-¿Un café?
-Sí, gracias,contesté sorprendido ante una interrogante poco esperada.
Era Marta, la joven vecina del segundo, por delante de cuya puerta pasaba todos los
días cuando me iba en busca de trabajo.
-¿Ha tenido suerte?
-¿Suerte?
-Sí, ¿ya ha encontrado trabajo?
No salía de mi asombro. ¿Cómo sabía aquella flacucha que yo buscaba trabajo desde
hacía casi un año?
-No se inquiete, en este barrio todo se sabe. ¿Un poco más de café?
Tomé una cucharita de azúcar y la añadí a la taza de café que tan amablemente se
me ofrecía.
-Elvira, la señora de la tienda de comestibles, se entera de todo y nos lo comunica;
ya sabe lo que nos gusta a las mujeres estar al corriente de las cosas del lugar.
De repente me vi transportado a la vida de una joven que apenas conocía a pesar de
ser vecinos y pasar todos los días por delante de su puerta.
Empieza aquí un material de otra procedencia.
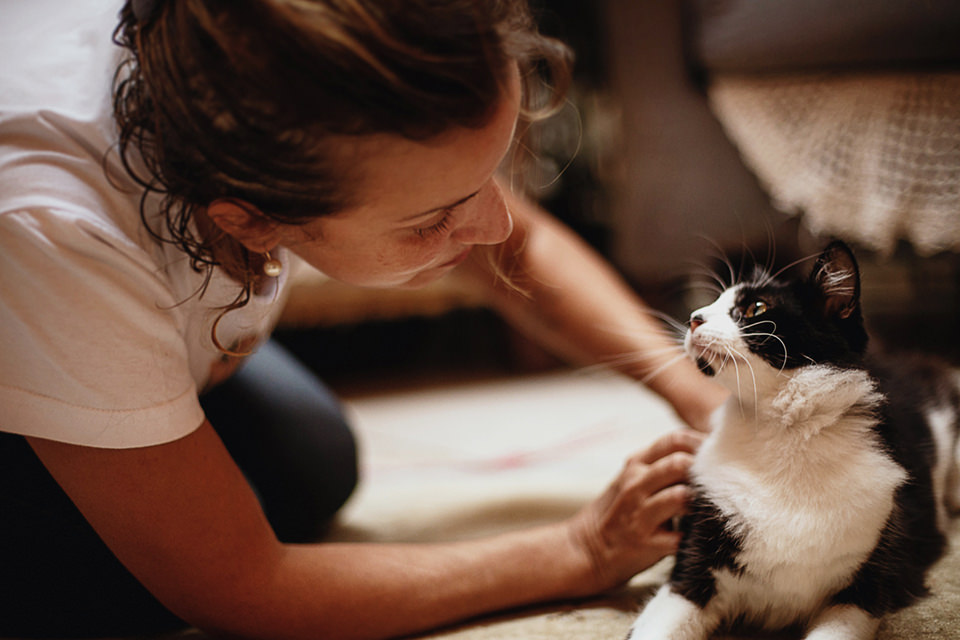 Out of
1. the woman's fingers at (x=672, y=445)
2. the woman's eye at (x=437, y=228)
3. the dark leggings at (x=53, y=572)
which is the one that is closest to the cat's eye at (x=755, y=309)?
the woman's fingers at (x=672, y=445)

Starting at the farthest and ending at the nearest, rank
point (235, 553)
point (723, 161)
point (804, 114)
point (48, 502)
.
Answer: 1. point (723, 161)
2. point (804, 114)
3. point (48, 502)
4. point (235, 553)

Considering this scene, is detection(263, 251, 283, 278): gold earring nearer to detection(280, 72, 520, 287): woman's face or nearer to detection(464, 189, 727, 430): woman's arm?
detection(280, 72, 520, 287): woman's face

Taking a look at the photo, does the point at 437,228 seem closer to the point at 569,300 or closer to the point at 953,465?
the point at 569,300

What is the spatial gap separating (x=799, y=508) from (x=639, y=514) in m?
0.14

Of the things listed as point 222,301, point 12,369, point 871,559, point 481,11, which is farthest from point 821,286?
point 12,369

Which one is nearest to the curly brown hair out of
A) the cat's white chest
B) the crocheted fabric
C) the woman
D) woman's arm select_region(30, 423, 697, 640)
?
the woman

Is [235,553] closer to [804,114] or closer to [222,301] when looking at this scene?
→ [222,301]

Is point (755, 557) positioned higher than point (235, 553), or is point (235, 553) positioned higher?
point (755, 557)

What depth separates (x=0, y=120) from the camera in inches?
22.6

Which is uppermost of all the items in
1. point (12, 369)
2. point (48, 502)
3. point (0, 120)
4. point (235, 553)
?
point (0, 120)

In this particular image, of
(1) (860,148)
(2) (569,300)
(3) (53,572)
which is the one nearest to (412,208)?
(2) (569,300)

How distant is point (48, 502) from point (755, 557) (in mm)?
625

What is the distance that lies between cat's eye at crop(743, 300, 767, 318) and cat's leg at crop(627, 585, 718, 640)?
22cm

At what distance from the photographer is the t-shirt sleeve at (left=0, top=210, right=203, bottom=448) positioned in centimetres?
53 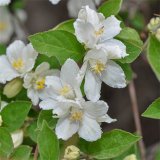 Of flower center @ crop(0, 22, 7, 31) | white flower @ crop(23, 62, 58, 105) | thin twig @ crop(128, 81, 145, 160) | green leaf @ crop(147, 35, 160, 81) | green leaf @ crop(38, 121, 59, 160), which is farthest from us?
flower center @ crop(0, 22, 7, 31)

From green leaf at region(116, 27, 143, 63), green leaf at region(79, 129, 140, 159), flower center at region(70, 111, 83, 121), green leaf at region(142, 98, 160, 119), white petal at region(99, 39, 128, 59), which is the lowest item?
green leaf at region(79, 129, 140, 159)

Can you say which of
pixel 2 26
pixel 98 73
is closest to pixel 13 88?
pixel 98 73

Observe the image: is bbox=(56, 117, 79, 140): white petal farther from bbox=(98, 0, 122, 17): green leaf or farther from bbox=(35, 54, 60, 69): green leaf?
bbox=(98, 0, 122, 17): green leaf

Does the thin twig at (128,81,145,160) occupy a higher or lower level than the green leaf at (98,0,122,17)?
lower

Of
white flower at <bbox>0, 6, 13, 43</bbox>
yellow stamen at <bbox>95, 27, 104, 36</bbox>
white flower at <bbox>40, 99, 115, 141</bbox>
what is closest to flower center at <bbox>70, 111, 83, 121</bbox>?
white flower at <bbox>40, 99, 115, 141</bbox>

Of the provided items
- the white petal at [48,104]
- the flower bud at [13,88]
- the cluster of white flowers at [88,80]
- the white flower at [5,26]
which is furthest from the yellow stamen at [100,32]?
the white flower at [5,26]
Marta vivía en el segundo piso, puerta izquierda, con su padre, al cual había cuidado
toda su vida.
-Soy abogada. Cuando mi padre sufrió el accidente, dejé el bufete y me dediqué a
cuidarlo. Mi madre, ya largo tiempo ausente. Lo enterramos el mes pasado, -añadió
contundente con voz triste-.
-¡Ah, no sabía...! Le acompaño en su dolor, contesté de forma automática, pensando
cómo era posible que estuviera hablando y tomando café, de forma tan familiar, con
alguien que me era tan poco conocido.
Le di las gracias y me subí a mi apartamento, que justo quedaba encima del suyo,
con la ventaja de tener una terraza, que, aun no siendo muy grande, le daba gran valor a
mi piso.
De seguir sin encontrar trabajo, me vería abocado a venderlo e irme a otro piso más
pequeño, pero me daba pena, pues era la herencia de mis padres, que tanto lucharon por
tener una vivienda propia. Lo había heredado hacía unos años, cuando ellos se fueron a
vivir al pueblo, y ahora me veía ante la doliente necesidad de venderlo para poder seguir
comiendo. Iba pensando todo aquello, sin quitarme de la cabeza el inesperado encuentro
con mi amable vecina.
A partir de aquella fecha, esta inesperada y espontánea amiga me esperaba cada día
a la vuelta de mis interminables colas en el INEM, con una taza de café y un poco de
charla. Mientras hablábamos en la salita de la entrada, yo observaba al fondo la puerta de
la habitación grande que había ocupado su padre durante tantos años.
- ¿Sabes, Miguel?, me dijo un día-. Tengo solución a tu problema. No vendas el piso,
eso sería un disparate ahora, con la crisis del ladrillo te pagarían cuatro perras. Tengo unos
amigos que se pirran por los pisos con terraza. Te lo alquilarían encantados, y seguro que
te pagarían bien. Además queda cerca del trabajo de ella, que tiene que llevar los niños al
colegio.
-¡Claro! ¿Y adónde me voy a vivir?
-A ti te importaría ocupar la habitación de un difunto?
-¡¿Cómo?!.
-No te asustes Miguel. La habitación de mi padre es muy espaciosa y tiene un
hermoso balcón. Alquilas el piso; con mucho menos de la mitad cubres una parte de los
gastos de esta casa, pues apenas te cobro por esa habitación. Estoy tan acostumbrada a
verla ocupada, que ahora me llena de espanto cada vez que paso por el pasillo y la veo
vacía -repuso con voz melancólica y con la mirada ausente.
-¡Vamos, que podrías vivir con la mitad del alquiler de tu piso!
Salí, si no corriendo, sí bastante asustado y tan confuso que no sabía qué pensar. Una
proposición de esta índole resulta, cuanto menos, inaudita e inesperada.
Tres días después, llamé a la puerta de Marta.